### Task directions
Print out the full material below, exact in every line, with no images included.

┌─ Material provided

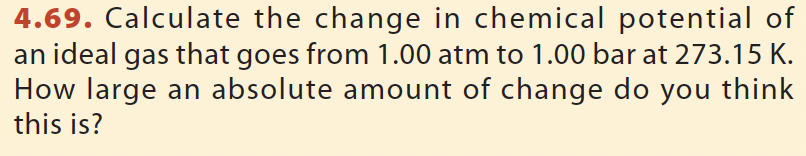 4.69. Calculate the change in chemical potential of
an ideal gas that goes from 1.00 atm to 1.00 bar at 273.15 K.
How large an absolute amount of change do you think
this is?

└─

### Answer area
 4.69. Calculate the change in chemical potential of
an ideal gas that goes from 1.00 atm to 1.00 bar at 273.15 K.
How large an absolute amount of change do you think
this is?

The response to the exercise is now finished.